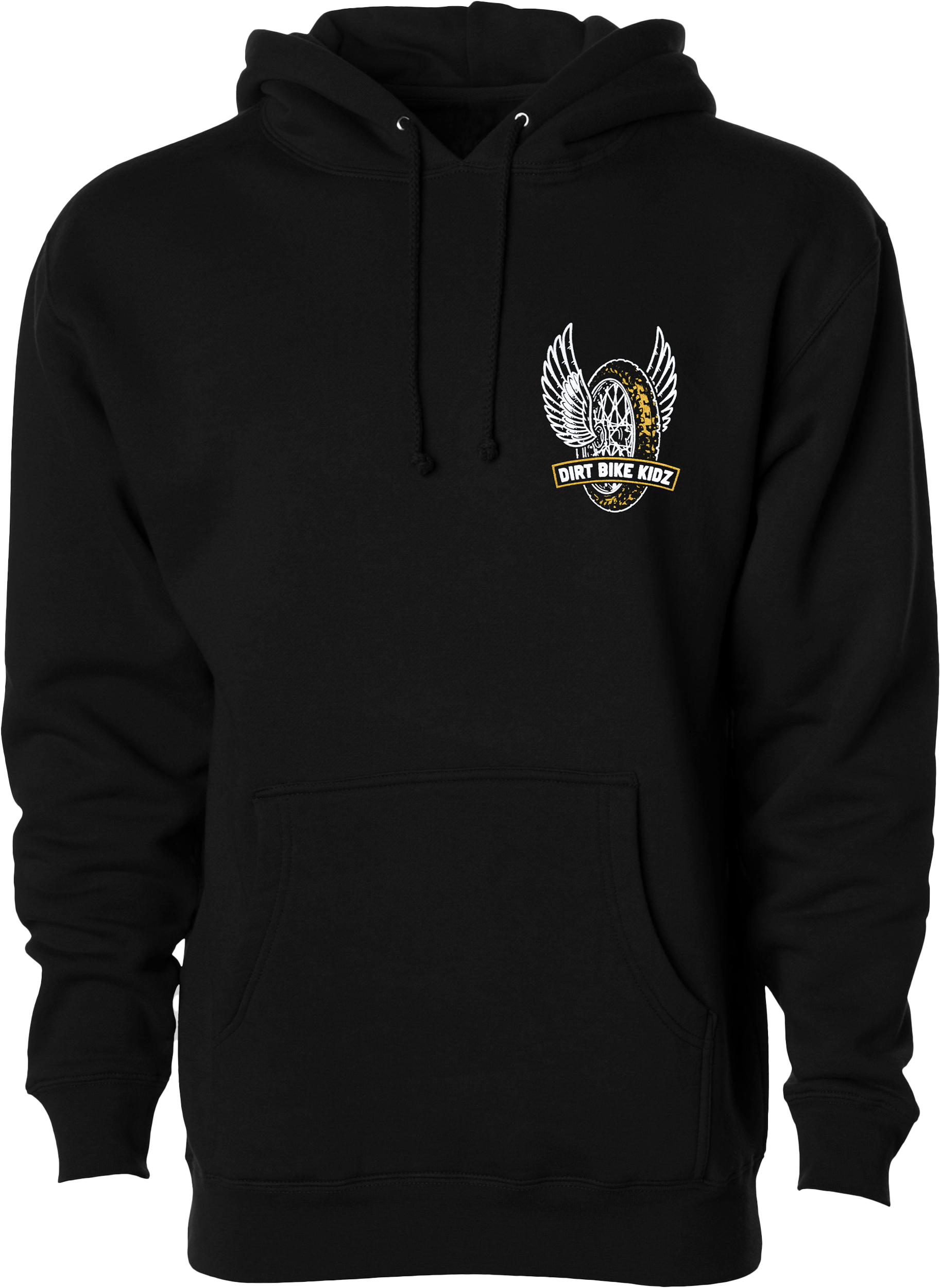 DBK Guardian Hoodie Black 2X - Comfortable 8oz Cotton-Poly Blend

* * *

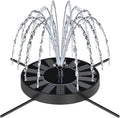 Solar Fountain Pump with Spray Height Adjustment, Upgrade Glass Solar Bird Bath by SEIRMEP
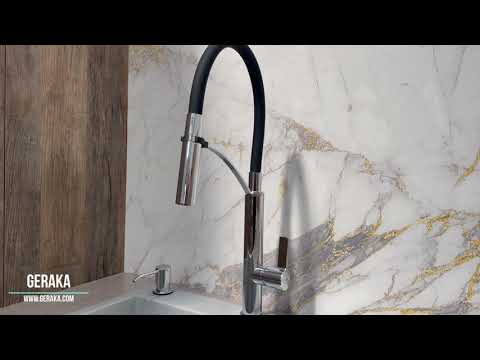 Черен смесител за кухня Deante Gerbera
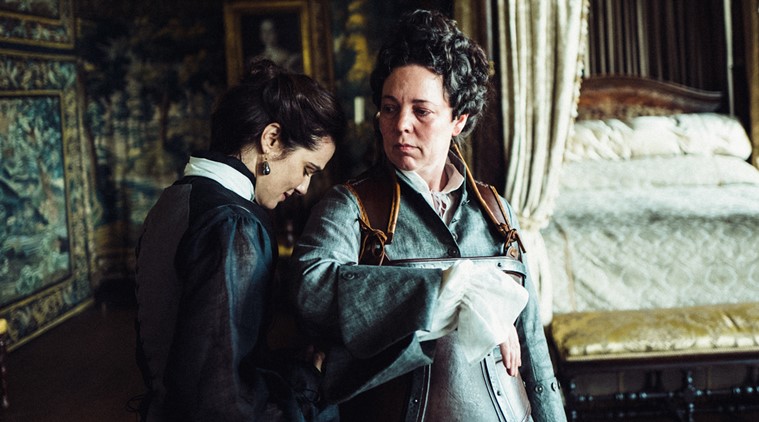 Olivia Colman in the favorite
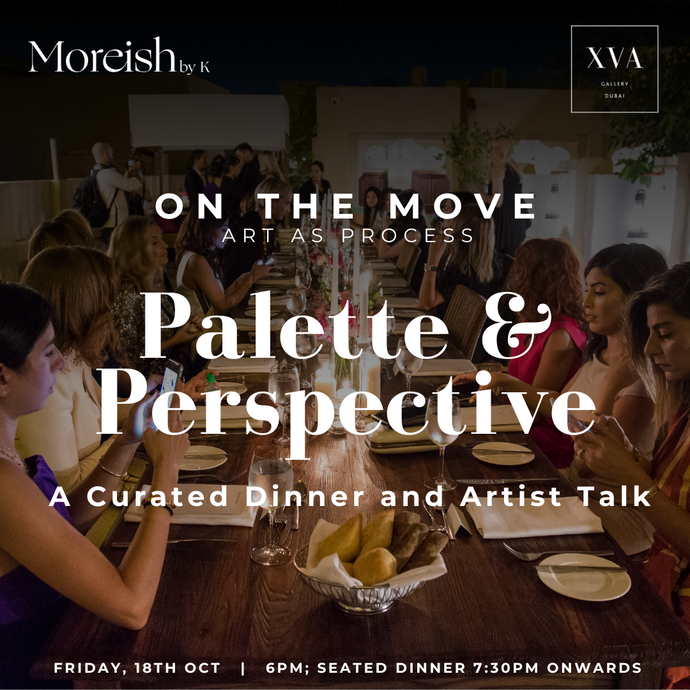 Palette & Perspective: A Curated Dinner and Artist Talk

--

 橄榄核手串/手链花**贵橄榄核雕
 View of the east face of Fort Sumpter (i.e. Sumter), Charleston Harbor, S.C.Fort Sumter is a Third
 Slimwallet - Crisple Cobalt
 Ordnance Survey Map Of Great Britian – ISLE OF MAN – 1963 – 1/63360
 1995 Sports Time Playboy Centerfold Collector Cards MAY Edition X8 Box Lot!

**PROBLEM**
Going back to the entries above, set down exactly the lines that begin at the one with "Ordnance Survey Map" and end at the one with "1995 Sports Time", both included, and nothing else.

**EXERCISE RESPONSE**
 Ordnance Survey Map Of Great Britian – ISLE OF MAN – 1963 – 1/63360
 1995 Sports Time Playboy Centerfold Collector Cards MAY Edition X8 Box Lot!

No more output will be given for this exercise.